Thanks for putting this together. I’ve done this on Windows many times but was fumbling around on my Mac until I pulled your post.

Awesome write up sir!

JR

John
Guest
John

ISOLINUX.CFG is in 10 different place when I open in TextEdit. How do I determine which one to change to SYSLINUX.CFG?

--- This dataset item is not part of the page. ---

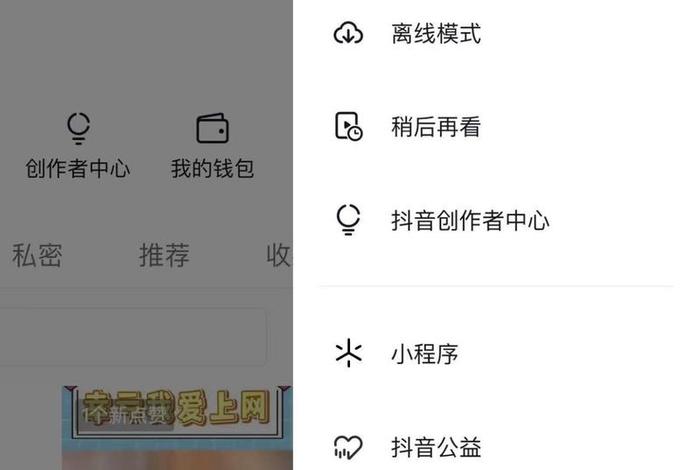 抖店商家登录入口 - 抖店商家登录入口手机上 抖店商家登录入口 - 抖店商家登录入口手机上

What was the process used to do this?

Ian
Guest
Ian

Has anybody tried this with OS X 10.11 (El Capitan)? I mark the partition as bootable (f 1) and it puts an * next to it but the * goes away when I “write”.

Ian
Guest
Ian

More specifically, going into fdisk seems to be the issue:

ian$ sudo fdisk -e /dev/disk3
fdisk: could not open MBR file /usr/standalone/i386/boot0: No such file or directory
Enter ‘help’ for information
fdisk: 1>

Syed
Guest

Nice Blog appreciate your efforts to contribute it work as a charm to me.

DJ
Guest
DJ

I also have not been able to get this to work, but I suspect that is because I am trying to get the USB drive bootable from a system with UEFI instead of BIOS. Do you know how to make it actually boot on a Mac Pro? It looks like the EFI boot stuff should be there, but I could not even get it to work by burning a CD image of the ISO.